Record excerpts »
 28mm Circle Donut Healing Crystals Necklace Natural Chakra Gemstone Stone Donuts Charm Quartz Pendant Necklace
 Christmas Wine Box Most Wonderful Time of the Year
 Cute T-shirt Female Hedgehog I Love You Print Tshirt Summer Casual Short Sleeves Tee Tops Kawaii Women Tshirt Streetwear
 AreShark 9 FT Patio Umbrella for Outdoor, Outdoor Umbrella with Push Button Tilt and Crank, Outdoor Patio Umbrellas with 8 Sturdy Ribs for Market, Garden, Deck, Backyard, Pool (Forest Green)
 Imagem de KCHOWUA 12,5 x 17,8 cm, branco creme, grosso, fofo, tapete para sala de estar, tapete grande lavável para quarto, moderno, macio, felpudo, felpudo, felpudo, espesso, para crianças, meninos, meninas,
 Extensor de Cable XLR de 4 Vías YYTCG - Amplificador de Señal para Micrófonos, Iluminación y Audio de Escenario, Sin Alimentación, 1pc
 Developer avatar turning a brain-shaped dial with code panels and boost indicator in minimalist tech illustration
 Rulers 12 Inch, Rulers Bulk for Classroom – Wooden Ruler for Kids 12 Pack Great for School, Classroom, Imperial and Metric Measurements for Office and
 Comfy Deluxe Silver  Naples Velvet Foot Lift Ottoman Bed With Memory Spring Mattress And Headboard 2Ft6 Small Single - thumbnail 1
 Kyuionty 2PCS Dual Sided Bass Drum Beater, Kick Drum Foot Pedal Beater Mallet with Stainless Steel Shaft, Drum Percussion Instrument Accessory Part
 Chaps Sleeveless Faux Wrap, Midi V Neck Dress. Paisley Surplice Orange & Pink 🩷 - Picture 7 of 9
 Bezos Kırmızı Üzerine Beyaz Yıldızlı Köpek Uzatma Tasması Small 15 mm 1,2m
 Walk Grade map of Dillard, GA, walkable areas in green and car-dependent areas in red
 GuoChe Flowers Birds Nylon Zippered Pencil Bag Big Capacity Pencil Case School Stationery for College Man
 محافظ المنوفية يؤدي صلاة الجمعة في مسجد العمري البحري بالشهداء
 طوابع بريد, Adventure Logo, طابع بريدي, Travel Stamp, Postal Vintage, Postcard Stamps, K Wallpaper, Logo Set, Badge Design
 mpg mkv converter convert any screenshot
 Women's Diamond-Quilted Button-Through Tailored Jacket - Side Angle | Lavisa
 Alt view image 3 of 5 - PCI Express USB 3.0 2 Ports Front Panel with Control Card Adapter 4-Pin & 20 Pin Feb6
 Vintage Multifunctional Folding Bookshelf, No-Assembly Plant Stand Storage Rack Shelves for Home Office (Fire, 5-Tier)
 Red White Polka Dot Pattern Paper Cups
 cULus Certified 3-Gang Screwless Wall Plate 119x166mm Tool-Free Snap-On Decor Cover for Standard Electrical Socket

Your instructions »
Output these and nothing else: the lines from the one holding "Women's Diamond-Quilted Button-Through" through the final line of the entries above, exactly as they appear.

Exercise output »
 Women's Diamond-Quilted Button-Through Tailored Jacket - Side Angle | Lavisa
 Alt view image 3 of 5 - PCI Express USB 3.0 2 Ports Front Panel with Control Card Adapter 4-Pin & 20 Pin Feb6
 Vintage Multifunctional Folding Bookshelf, No-Assembly Plant Stand Storage Rack Shelves for Home Office (Fire, 5-Tier)
 Red White Polka Dot Pattern Paper Cups
 cULus Certified 3-Gang Screwless Wall Plate 119x166mm Tool-Free Snap-On Decor Cover for Standard Electrical Socket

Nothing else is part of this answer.